The Coronavirus Aid, Relief, and Economic Security (CARES) Act did not include any emergency funding for USPS, rather allowing it to borrow up to an additional $10 billion.

However, the members wrote, this “increased lending authority is insufficient to ensure that the Postal Service can continue to operate.” As the fallout from the coronavirus continues, the Postal Service projects a possible 50% decline in mail volume until the end of the current fiscal year, the letter said.  The legislators added that one USPS estimate indicated that additional borrowing would only allow the Postal Service to stay afloat through the end of this summer. 

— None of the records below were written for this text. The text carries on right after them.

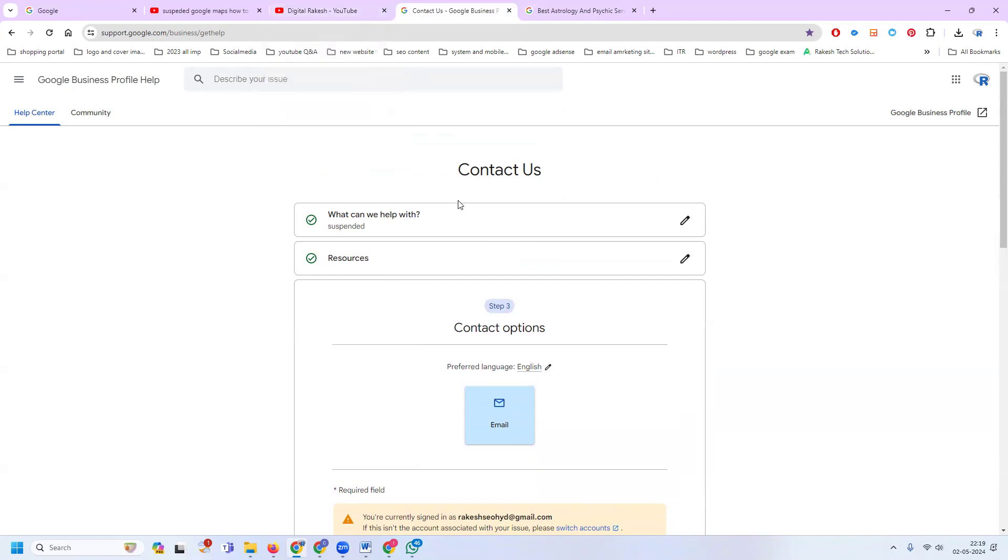They will contact you, and any further issues will be communicated by email. You need to provide complete information to the Google Maps team. Your location will be reactivated within two to four business days.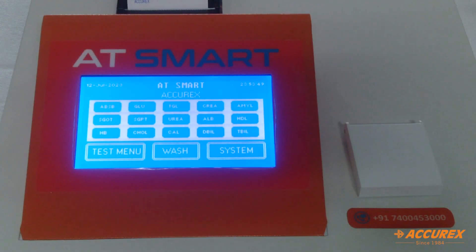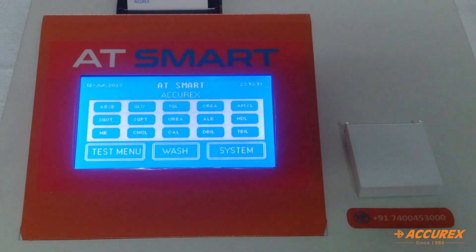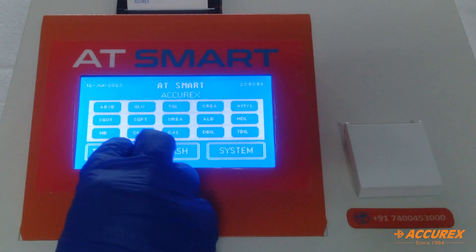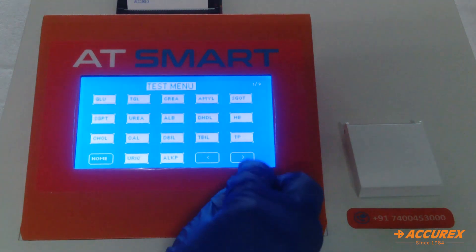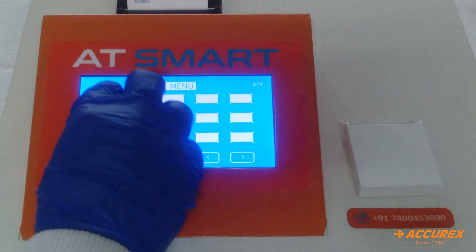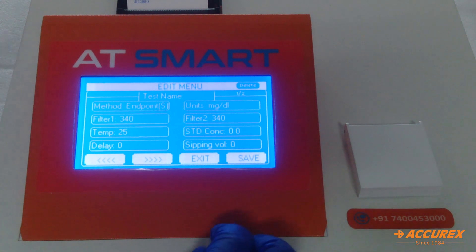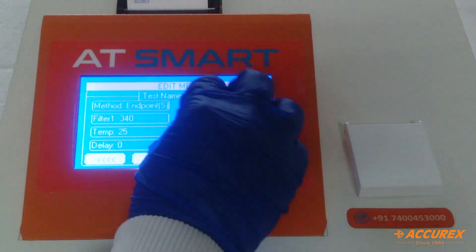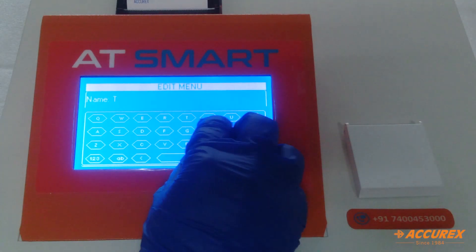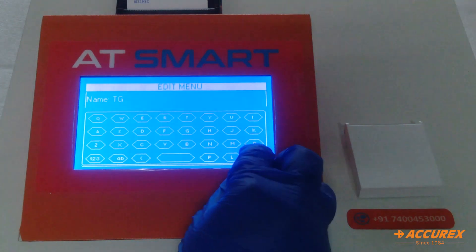For the programming part, we are using the AT Smart instrument. Go to the test menu, select any blank test. First, enter the test name: press TG and save.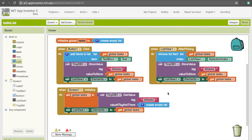And we're done! Go ahead and test it out — you should see that the adding and removing works well, and if you close the app and reopen it, it will remember what tasks you put in.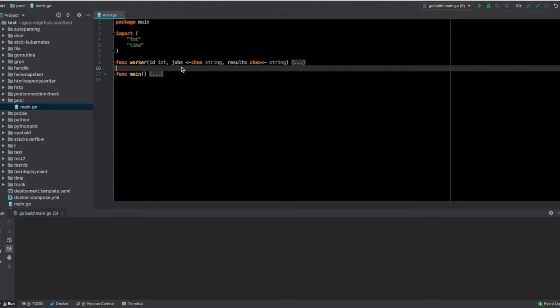Hello everyone, in this video I'm going to show you how you can use worker pools in Go to effectively distribute the amount of work you want to do across various goroutines so that you will be finishing your work sooner.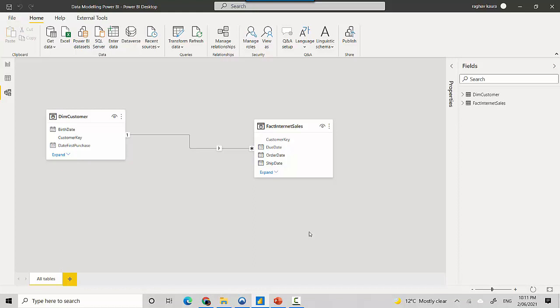So that's how it works. You've got customer on the one side and you've got fact internet sales table on the many side, and that's how it is modeled. If you look at this diagram, you can see it says one on this side and there's a star which indicates many.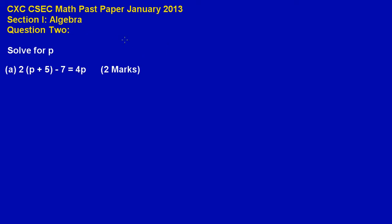In this video we are going to be looking at the solution for question 2, part A. Here they are asking us to solve for p in the equation below.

The letter, written by Rep. Carolyn Maloney (D-N.Y.), the chairwoman of the Committee on Oversight and Reform, and Rep. Gerry Connolly (D-Va.), the chairman of that committee’s Subcommittee on Government Operations, along with several other House members, contrasted USPS’ position to the airline industry, which received approximately $110,000 per employee in relief from the CARES Act. That yardstick, had it been applied to USPS, would have delivered significantly more, they said.

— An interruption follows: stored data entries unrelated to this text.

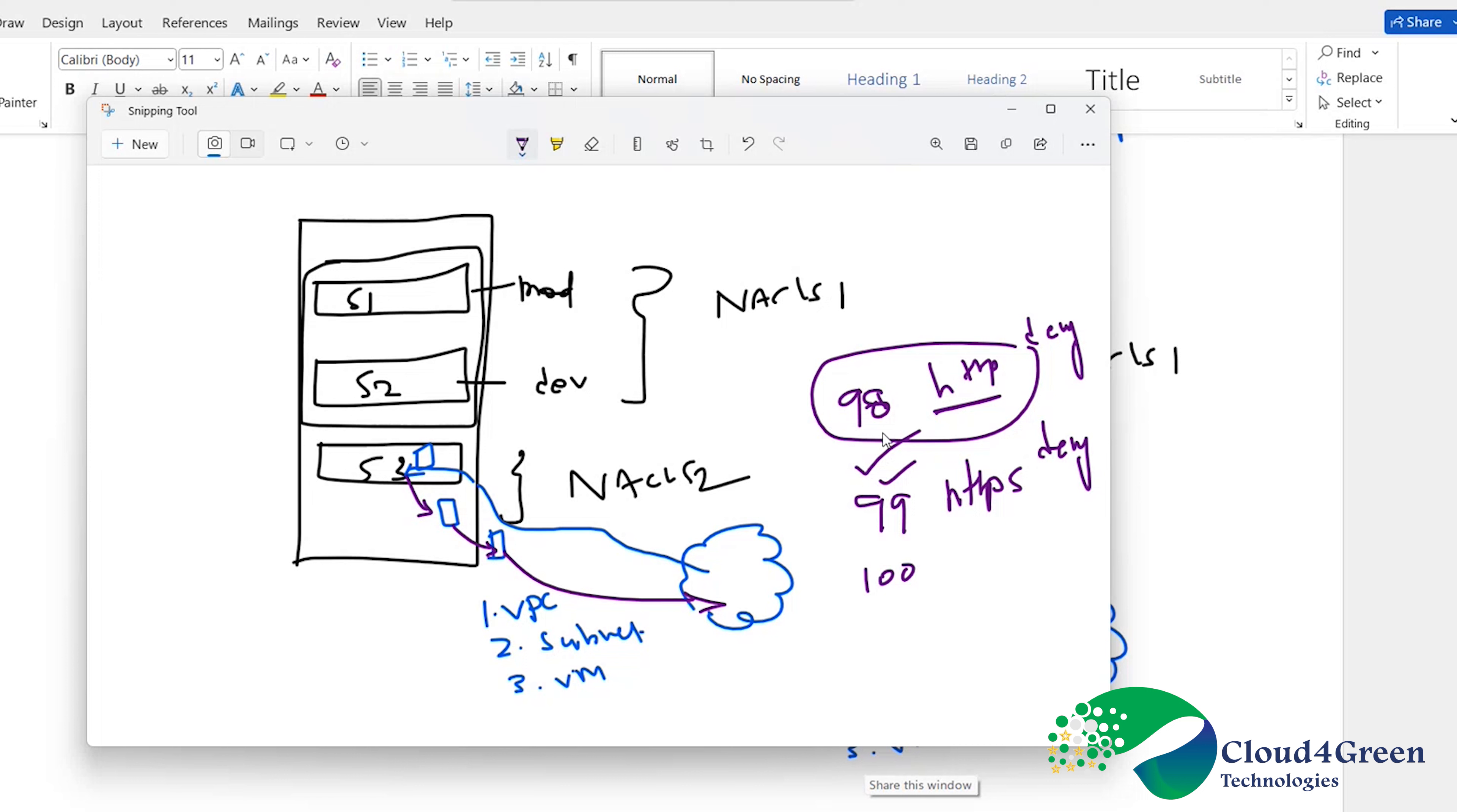So since I mentioned 98 and 99, HTTP and HTTPS, there are 20 plus protocols, right? In that, it will close HTTP, it will close HTTPS.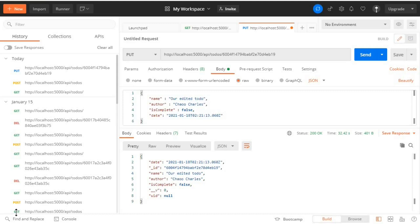In the last episode we were able to create an endpoint to handle PUT requests, and in this episode I want us to create another endpoint to handle PATCH requests. Both PUT and PATCH are used to edit documents, but what is the difference between them?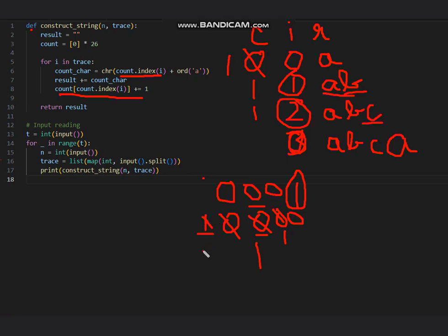With this approach, now here the count is updated to 2. So like this we will be moving on with the approach and getting a solution. So I hope you all understand the solution. Thanks for watching.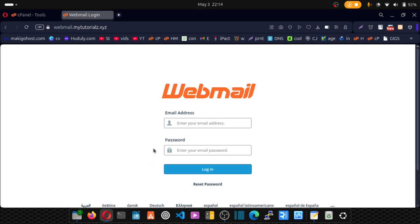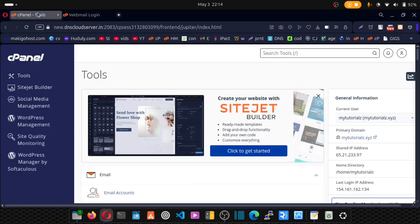Now before we log into webmail, we need our email and password. If you have access to your cPanel, make sure you log into that. If you do not have access to cPanel, contact your hosting provider and they'll give you access to these details.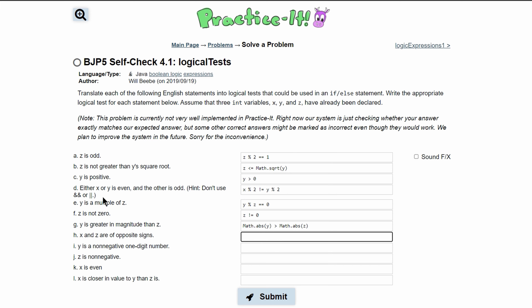For 'x and z are of opposite signs,' I interpret this as one being positive and one being negative. So we write x >= 0 along with z < 0.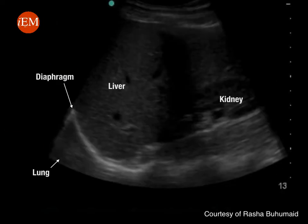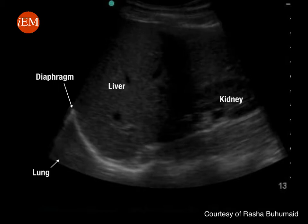This is another example of how a normal lung will appear, looking very similar to the liver. This rules out pleural effusion in the right pleural cavity.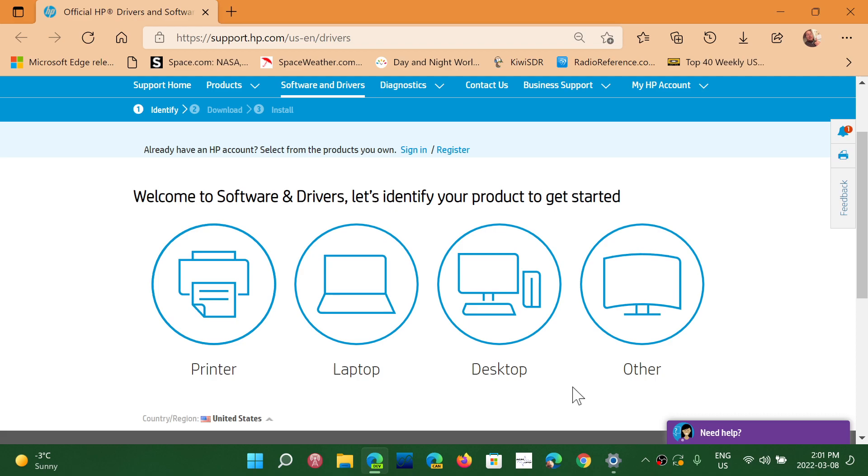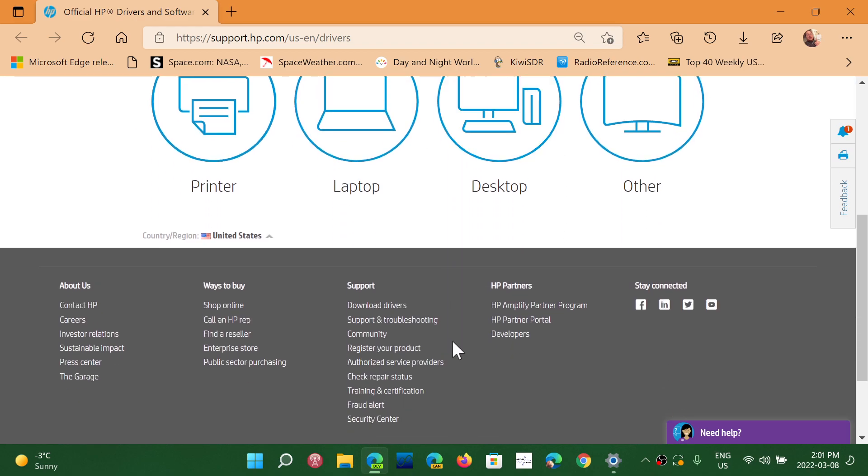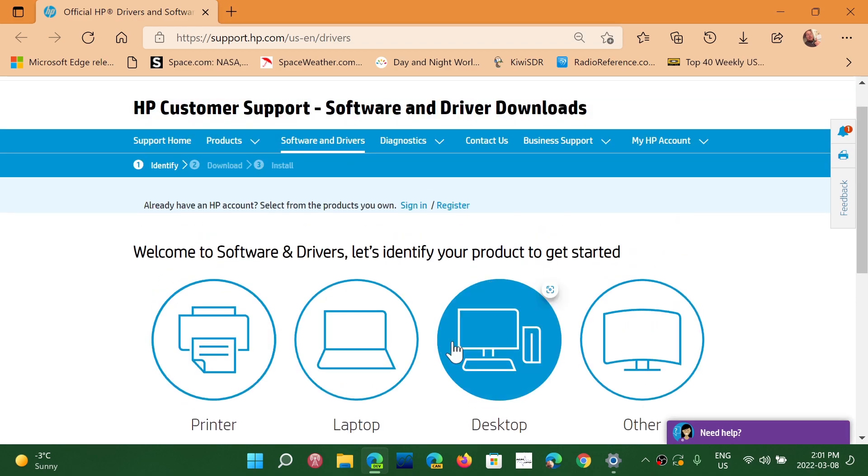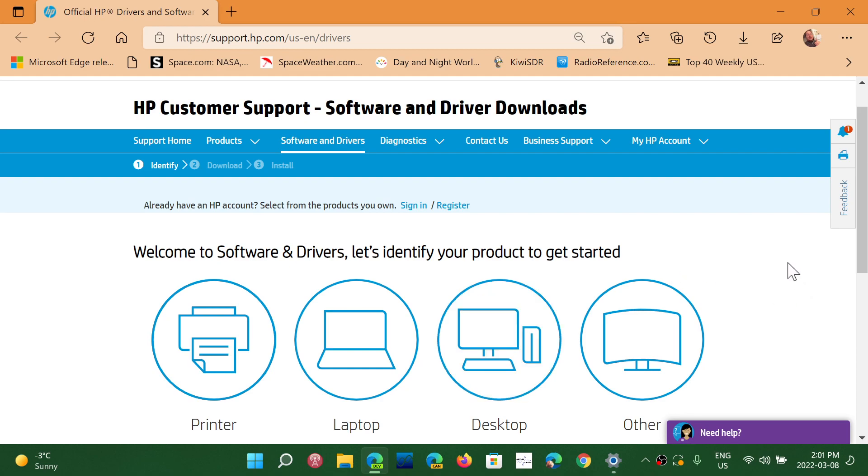The link to this page is in the description below. Just click laptop or desktop, depending on what machine you have, and follow the instructions, and you will be able to see if you have an update for this on your HP machine.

“If Congress recognizes that the Postal Service is as critical to the American economy and infrastructure as the passenger airline industry, the Postal Service would have been provided $68 billion rather than just a fraction of that in borrowing authority that does not even result in a guaranteed loan from the Department of the Treasury,” the letter said.

With mail delivery playing an increasingly important role during the pandemic for Americans staying at home and its potential to support the growing call for vote-by-mail options, the House members reminded leadership that postal employees “are on the frontlines of this crisis, delivering essential information, packages, and services to the American people. We cannot afford to lose this massive infrastructure, with access to every resident and business in the country.”

The letter closed by urging leadership to include $25 billion in direct appropriations and debt relief, appropriate up to $250 million per year to cover unfunded mandates, require that postal employees enroll in Medicare and allow the Postal Service to conduct more non-postal business, particularly with state and local governments.

Read the full letter here.

Reader comments

Thu, Apr 9, 2020 Patrick O'Rourke

The basic business model of the USPS must change. Whatever relief will be proposed still leaves the agency in over $100 billion in debt since their reorganization in 1970, according to their recent financial statement.